I'm having the same issues. Saw several that looked like could've been anywhere between 8-12" from snout to eyes. Especially the ones that didn't let me get closer than 20 yards.


----------



## frydaddy40 (Aug 24, 2015)

*Very good.*



mattech said:


> If you can make out the snout, the inches from the eyes is equal to feet. 10"=10'. also, if they face you, the bigger the gator the farther apart the eyes will be. When you have a big one facing you, there won't be any doubt its big. Don't let the brightness of the eyes fool you, a baby gator eyes will glow just as bright as a larger gator.



   Very good advice,


----------



## GT Whitetail (Aug 24, 2015)

Yeah same here. Planning on heading down that way this weekend to give it another go. I think I let a couple shooters go last time. Looked like they had long snouts, but their heads looked kinda skinny. Might try some daylight hunting too. Probably my last ditch effort so my slot limit is probably gonna suffer a little. 

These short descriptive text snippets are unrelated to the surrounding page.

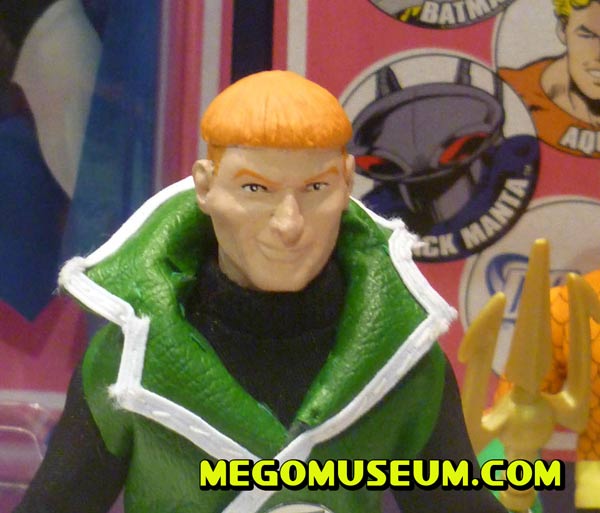 mattel mego Guy Gardner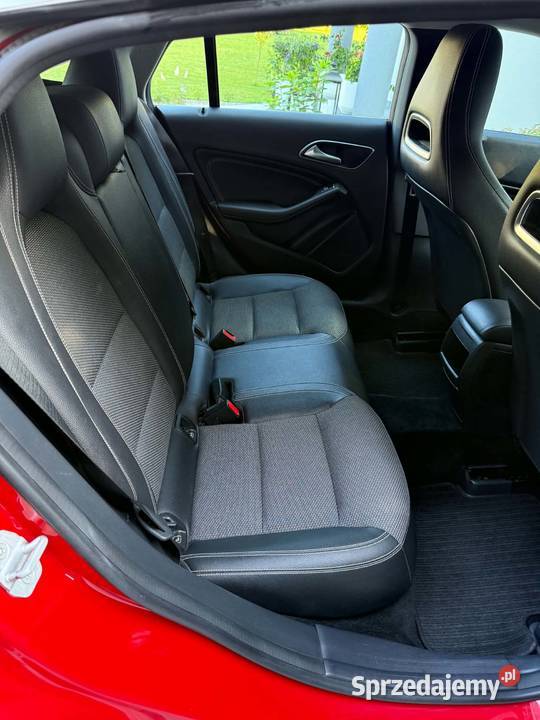 Mercedes CLA 200d Kombi 22 Diesel Zadbany małopolskie Kamionka Wielka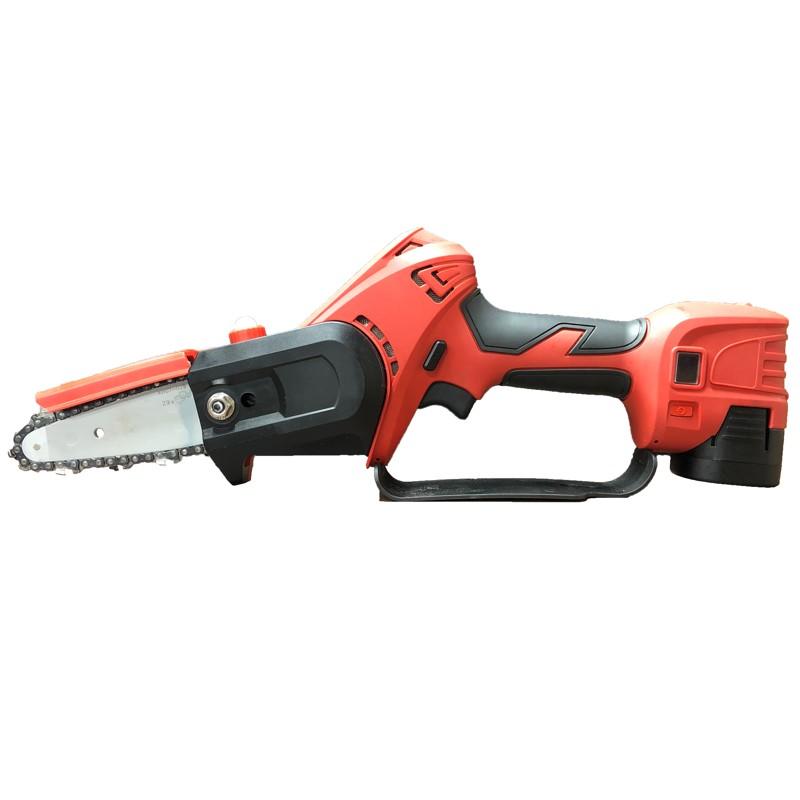 VINE バイン シングルハンドチェンソー iHS5Lite 軽い 安全 バッテリー  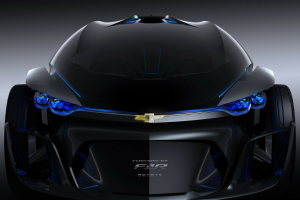 Chevrolet FNR Concept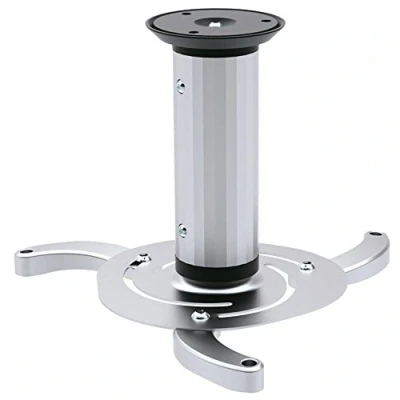 Bild av Maclean MC 515S Monteringssats (takmontering) för projektor metall silver takmonterbar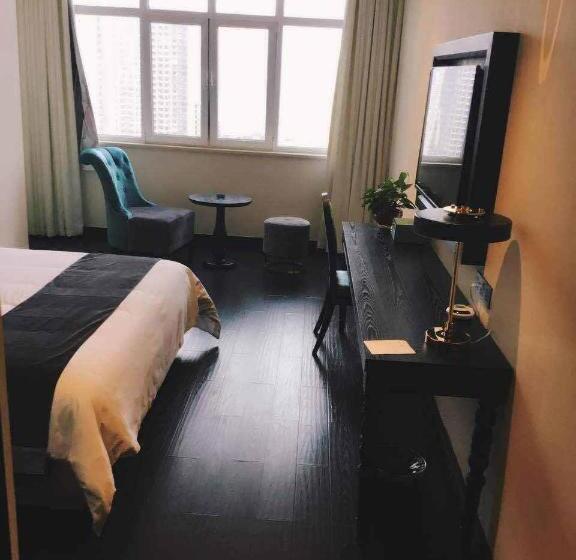 Xana Hotelle Zhengzhou Guoji Branch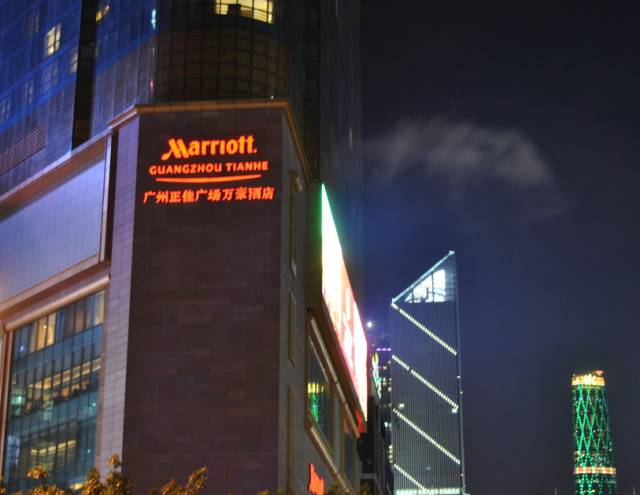 广州贵的酒店,带你体验广州最贵的酒店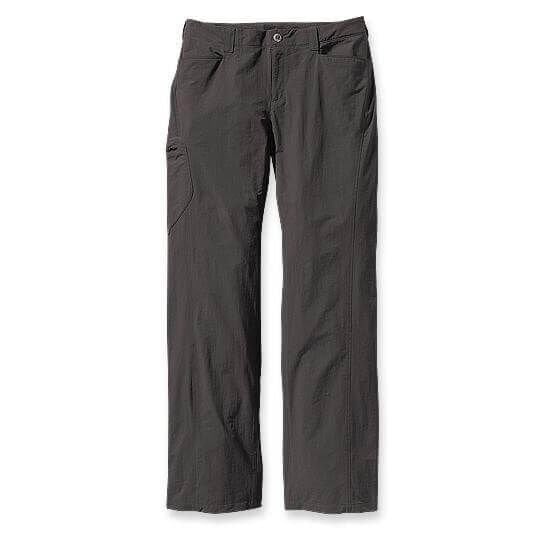 Patagonia W'S Rock Guide Pants - Doğa Tutkunları İçin Mükemmel Tırmanış Pantolonu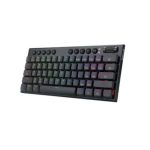 TECLADO REDRAGON HORUS MINI PRO WIRELESS BLACK - RED SWITCH - ENGLISH K632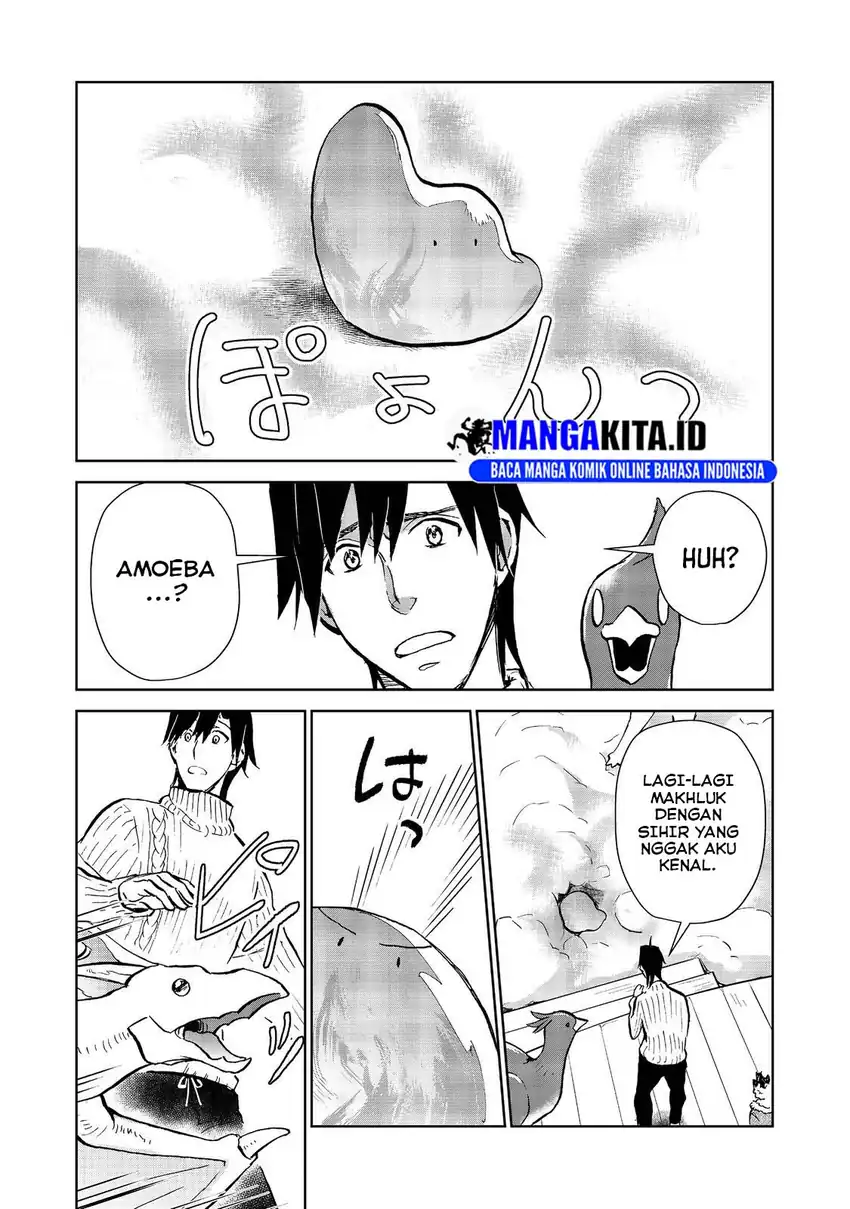 Baca Isekai ni Otosareta… Jouka wa Kihon! Chapter 29.2 - Halaman 15 Baca Isekai ni Otosareta… Jouka wa Kihon! - Chapter 29.2 halaman 15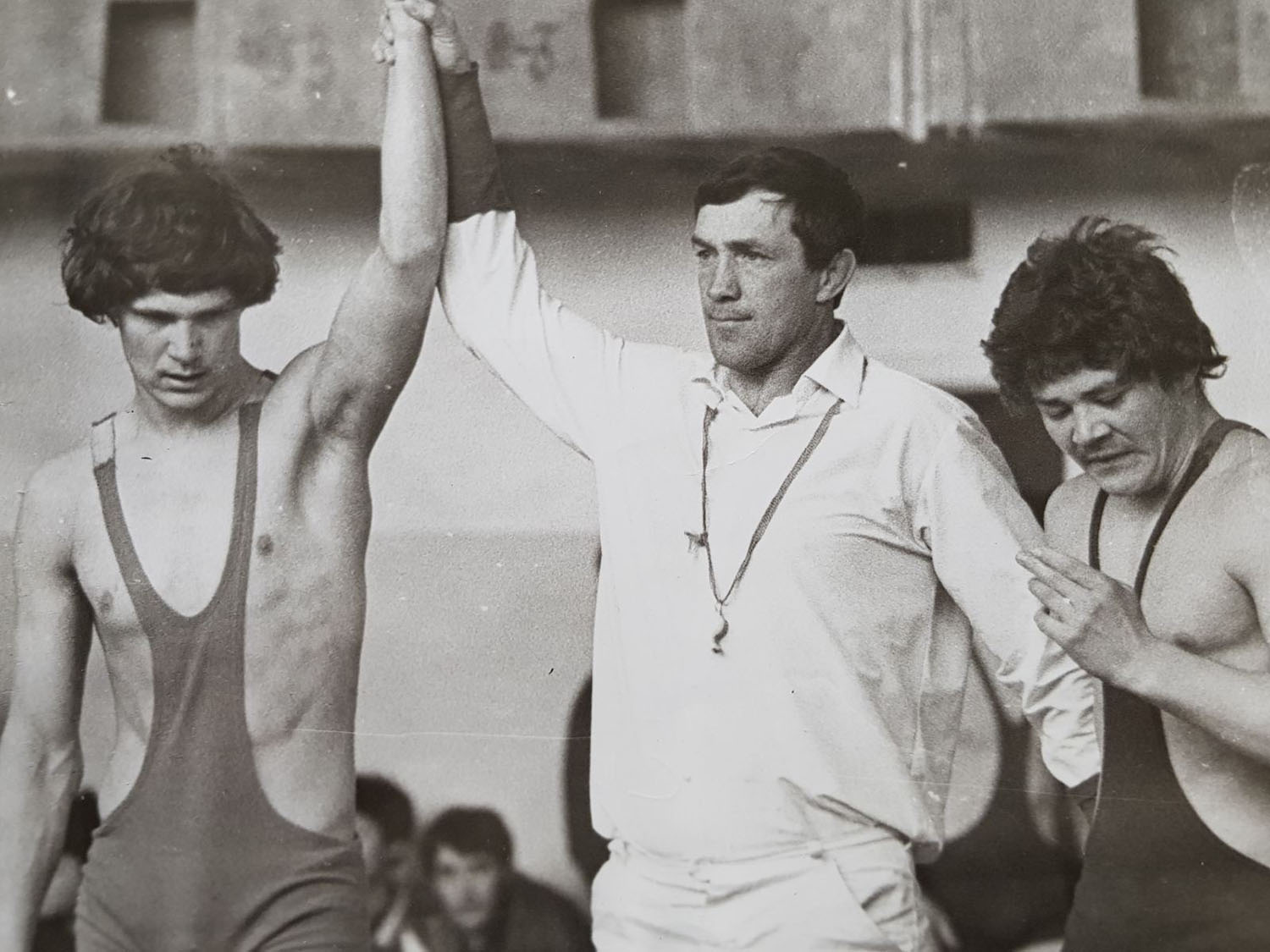 1978 m. pirma sėkminga išvyka į užsienį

Thanks for all the responses.


----------



## yankeeredneck2015 (Aug 26, 2015)

GT Whitetail said:


> Yeah same here. Planning on heading down that way this weekend to give it another go. I think I let a couple shooters go last time. Looked like they had long snouts, but their heads looked kinda skinny. Might try some daylight hunting too. Probably my last ditch effort so my slot limit is probably gonna suffer a little.
> 
> Thanks for all the responses.




Or hire a guide


----------



## olcop (Aug 27, 2015)

All the above is excellent advice;
but the easiest way is to get him to be still while you measure him with a tape measure.
olcop


----------



## Luckybuck (Aug 27, 2015)

What Mattech said, I grew up in SE Louisiana and the rule that we followed when lighting up the eyeballs was the distance between the eyes.   Not exact but better guide than no guide.


----------



## Burton (Aug 27, 2015)

Sometimes you can be right on top of them and not know how big it is.  We passed on this one to come back the next weekend and take one that was 8 ft.  I'm not sure it was worth it.


----------



## GT Whitetail (Aug 28, 2015)

Awesome video.. had the exact same thing happen to me and it was about that same size too. Maybe one of the experts will chime in and guess how long that one in your video is. I'm heading dwn this afternoon, but with the weather forecast I might have to take first available legal sized one. Thanks for all the comments.


----------



## Burton (Aug 28, 2015)

Hope you get a good one.  We've got two tags in SC this year, so I've got to wait 2 more weeks.  Good luck.


----------



## buddy48 (Aug 28, 2015)

The one I got last weekend was 9'-6" long and it was 11" from the eyes to the tip of the nose. Hunted and harvested mine in the daylight. It was much easier than I expected it to be.


----------